In the entries below, the lines from the one with "Ugoos AM9 PRO" through the one with "電池無しでLEDが光る基板ア" are to be copied exactly; both ends count.

[Extracted records]
*****
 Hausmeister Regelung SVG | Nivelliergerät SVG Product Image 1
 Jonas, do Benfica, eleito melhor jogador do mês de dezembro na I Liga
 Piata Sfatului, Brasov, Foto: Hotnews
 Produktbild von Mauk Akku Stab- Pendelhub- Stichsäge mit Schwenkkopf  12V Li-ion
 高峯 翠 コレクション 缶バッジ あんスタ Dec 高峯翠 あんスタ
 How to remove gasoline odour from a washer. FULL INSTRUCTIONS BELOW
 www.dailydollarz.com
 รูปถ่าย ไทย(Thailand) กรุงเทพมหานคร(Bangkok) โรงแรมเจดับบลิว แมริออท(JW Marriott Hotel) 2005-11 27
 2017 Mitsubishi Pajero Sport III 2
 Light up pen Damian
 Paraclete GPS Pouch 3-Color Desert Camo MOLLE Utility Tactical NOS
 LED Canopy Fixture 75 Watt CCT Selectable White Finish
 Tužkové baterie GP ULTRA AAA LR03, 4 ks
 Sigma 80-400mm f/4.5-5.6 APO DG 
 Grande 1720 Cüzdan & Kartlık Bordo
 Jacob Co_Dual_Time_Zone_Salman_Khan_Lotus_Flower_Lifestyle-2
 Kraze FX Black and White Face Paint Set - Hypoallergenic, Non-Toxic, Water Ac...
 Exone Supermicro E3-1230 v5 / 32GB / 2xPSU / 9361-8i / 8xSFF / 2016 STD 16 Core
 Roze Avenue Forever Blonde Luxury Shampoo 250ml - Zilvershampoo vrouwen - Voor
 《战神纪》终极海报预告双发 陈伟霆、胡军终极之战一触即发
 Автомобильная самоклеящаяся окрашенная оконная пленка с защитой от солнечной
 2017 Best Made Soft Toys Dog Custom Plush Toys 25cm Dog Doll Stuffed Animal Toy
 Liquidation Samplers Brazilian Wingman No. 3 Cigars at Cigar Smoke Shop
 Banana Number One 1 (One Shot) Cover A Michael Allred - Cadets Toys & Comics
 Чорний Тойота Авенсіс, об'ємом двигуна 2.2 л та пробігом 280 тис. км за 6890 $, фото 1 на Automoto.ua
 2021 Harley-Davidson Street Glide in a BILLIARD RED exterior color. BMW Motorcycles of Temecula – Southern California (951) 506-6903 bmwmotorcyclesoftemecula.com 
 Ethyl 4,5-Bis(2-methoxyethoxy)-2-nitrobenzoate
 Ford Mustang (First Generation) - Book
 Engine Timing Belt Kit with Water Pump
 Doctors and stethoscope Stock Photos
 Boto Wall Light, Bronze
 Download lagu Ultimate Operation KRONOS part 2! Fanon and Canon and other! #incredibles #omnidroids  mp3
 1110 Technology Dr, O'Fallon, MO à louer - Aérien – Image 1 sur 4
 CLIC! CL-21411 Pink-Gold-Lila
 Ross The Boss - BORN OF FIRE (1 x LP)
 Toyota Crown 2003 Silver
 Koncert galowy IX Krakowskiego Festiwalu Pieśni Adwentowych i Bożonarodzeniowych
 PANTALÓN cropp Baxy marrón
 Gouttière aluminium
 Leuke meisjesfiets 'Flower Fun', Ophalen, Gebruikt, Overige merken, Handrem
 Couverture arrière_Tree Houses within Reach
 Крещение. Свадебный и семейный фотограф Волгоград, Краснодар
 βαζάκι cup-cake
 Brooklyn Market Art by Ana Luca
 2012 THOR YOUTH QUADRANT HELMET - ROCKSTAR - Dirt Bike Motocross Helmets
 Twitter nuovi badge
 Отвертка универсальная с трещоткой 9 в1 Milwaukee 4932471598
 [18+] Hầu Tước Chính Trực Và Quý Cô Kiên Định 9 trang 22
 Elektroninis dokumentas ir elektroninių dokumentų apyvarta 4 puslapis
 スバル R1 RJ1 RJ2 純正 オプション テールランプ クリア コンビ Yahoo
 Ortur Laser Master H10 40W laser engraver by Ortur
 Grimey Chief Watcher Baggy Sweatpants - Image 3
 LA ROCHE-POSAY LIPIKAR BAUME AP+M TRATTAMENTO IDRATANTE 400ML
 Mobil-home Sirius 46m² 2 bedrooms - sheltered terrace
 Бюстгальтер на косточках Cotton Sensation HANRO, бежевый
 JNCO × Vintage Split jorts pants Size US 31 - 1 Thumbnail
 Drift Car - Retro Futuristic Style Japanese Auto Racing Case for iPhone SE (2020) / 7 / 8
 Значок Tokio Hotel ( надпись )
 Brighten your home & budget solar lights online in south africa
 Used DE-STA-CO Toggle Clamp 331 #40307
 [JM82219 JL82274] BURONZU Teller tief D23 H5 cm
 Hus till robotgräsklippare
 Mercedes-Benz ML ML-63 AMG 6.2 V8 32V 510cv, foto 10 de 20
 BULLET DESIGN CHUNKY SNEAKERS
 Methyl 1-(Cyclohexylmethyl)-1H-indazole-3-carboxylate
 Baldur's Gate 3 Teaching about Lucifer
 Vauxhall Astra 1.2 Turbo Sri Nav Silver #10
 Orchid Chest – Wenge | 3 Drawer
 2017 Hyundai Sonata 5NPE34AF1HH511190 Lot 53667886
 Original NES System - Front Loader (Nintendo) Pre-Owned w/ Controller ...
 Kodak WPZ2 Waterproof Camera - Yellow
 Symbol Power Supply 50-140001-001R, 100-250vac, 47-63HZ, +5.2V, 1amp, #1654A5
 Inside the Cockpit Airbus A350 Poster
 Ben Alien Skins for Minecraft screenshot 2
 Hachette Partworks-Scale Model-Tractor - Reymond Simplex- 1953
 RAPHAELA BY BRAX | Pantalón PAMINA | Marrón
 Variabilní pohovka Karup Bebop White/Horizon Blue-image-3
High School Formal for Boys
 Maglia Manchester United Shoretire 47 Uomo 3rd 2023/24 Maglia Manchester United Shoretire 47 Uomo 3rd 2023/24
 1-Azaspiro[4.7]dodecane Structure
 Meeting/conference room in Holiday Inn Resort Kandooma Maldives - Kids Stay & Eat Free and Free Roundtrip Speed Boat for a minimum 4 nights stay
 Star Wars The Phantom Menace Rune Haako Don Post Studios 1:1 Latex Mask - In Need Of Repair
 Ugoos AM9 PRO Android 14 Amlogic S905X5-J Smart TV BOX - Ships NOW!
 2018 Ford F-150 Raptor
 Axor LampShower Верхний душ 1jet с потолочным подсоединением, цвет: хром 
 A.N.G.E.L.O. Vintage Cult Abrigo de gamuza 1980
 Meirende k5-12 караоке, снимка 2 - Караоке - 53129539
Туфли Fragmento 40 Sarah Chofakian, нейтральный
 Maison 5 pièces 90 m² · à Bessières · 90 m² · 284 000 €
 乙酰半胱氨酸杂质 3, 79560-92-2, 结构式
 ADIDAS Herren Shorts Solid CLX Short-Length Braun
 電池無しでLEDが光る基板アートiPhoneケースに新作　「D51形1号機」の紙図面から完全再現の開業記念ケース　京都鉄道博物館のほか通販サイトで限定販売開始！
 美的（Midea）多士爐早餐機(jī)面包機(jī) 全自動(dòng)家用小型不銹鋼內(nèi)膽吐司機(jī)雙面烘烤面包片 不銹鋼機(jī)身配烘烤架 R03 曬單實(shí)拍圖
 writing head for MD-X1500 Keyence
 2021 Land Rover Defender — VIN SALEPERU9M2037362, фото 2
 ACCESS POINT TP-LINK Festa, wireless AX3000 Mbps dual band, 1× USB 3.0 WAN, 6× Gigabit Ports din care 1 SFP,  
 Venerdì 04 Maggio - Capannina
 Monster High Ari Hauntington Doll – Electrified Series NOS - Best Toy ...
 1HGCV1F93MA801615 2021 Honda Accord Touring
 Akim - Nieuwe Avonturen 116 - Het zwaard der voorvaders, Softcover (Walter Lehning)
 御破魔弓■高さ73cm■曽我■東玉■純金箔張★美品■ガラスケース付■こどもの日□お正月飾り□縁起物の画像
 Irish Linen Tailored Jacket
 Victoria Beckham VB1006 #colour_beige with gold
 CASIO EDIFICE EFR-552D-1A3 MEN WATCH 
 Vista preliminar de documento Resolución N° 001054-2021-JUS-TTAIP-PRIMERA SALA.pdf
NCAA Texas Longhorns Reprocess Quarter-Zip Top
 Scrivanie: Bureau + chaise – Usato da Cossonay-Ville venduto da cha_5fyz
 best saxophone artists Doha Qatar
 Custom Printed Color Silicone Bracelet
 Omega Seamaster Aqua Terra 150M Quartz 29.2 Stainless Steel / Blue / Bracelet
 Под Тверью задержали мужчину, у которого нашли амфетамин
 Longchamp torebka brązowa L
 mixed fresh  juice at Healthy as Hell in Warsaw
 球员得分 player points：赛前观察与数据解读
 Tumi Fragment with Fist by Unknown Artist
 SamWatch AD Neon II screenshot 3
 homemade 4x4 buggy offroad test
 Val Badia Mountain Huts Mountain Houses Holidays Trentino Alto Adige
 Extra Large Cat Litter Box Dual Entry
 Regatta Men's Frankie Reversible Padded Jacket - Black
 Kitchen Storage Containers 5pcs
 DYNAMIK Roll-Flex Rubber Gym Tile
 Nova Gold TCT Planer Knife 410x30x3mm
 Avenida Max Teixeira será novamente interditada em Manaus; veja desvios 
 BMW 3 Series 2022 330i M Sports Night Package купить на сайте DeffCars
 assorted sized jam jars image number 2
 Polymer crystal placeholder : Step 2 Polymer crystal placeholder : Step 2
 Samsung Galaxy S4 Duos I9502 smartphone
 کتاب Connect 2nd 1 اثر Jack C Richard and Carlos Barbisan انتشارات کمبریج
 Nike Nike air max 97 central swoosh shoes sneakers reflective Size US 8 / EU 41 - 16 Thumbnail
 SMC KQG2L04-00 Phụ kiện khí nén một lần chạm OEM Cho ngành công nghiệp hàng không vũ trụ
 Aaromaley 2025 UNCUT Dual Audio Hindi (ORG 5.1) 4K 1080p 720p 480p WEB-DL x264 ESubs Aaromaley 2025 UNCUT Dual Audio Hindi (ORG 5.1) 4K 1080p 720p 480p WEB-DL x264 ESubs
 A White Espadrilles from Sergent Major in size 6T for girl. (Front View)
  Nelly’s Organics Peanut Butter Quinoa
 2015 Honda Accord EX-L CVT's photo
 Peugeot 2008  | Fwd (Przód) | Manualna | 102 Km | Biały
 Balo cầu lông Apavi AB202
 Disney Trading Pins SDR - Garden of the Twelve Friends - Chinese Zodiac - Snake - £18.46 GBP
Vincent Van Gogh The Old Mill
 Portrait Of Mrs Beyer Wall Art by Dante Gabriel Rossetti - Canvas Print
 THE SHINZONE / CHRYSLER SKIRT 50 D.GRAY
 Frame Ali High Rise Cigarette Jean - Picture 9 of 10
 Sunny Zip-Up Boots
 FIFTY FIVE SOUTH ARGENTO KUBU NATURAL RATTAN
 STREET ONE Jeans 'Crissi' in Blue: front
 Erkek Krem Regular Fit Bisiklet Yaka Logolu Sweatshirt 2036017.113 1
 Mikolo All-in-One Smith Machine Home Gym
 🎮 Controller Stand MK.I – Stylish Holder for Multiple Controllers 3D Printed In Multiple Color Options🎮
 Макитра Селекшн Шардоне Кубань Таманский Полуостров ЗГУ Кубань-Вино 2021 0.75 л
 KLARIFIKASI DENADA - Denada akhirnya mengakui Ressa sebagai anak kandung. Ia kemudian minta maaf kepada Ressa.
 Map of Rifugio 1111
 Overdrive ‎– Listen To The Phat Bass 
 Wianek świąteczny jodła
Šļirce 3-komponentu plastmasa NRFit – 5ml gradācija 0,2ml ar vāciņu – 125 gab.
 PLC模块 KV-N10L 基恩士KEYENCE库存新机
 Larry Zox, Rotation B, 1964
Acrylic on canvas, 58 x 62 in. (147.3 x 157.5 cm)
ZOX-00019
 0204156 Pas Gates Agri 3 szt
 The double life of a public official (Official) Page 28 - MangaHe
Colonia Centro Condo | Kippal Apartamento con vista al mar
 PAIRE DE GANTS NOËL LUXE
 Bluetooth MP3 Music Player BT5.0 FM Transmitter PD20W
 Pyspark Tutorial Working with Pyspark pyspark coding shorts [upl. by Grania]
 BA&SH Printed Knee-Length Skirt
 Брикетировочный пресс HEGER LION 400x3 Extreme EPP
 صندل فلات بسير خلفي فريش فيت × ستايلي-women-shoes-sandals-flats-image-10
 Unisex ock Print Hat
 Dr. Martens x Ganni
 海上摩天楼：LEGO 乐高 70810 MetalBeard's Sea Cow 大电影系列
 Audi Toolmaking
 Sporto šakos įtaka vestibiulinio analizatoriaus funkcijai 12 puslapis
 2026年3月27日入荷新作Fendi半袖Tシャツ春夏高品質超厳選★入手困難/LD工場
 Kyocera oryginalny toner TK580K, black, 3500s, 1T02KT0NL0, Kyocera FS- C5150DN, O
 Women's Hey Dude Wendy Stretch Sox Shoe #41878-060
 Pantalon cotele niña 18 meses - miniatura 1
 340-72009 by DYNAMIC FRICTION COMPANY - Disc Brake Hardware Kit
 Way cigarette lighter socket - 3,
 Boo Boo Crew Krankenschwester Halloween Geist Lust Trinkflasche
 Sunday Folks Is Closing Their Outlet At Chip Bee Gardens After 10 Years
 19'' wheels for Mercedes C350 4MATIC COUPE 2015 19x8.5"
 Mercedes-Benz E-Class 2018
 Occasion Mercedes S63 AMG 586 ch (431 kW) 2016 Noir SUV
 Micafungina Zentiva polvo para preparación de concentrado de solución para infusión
*****
* _Result of the task_
 Ugoos AM9 PRO Android 14 Amlogic S905X5-J Smart TV BOX - Ships NOW!
 2018 Ford F-150 Raptor
 Axor LampShower Верхний душ 1jet с потолочным подсоединением, цвет: хром 
 A.N.G.E.L.O. Vintage Cult Abrigo de gamuza 1980
 Meirende k5-12 караоке, снимка 2 - Караоке - 53129539
Туфли Fragmento 40 Sarah Chofakian, нейтральный
 Maison 5 pièces 90 m² · à Bessières · 90 m² · 284 000 €
 乙酰半胱氨酸杂质 3, 79560-92-2, 结构式
 ADIDAS Herren Shorts Solid CLX Short-Length Braun
 電池無しでLEDが光る基板アートiPhoneケースに新作　「D51形1号機」の紙図面から完全再現の開業記念ケース　京都鉄道博物館のほか通販サイトで限定販売開始！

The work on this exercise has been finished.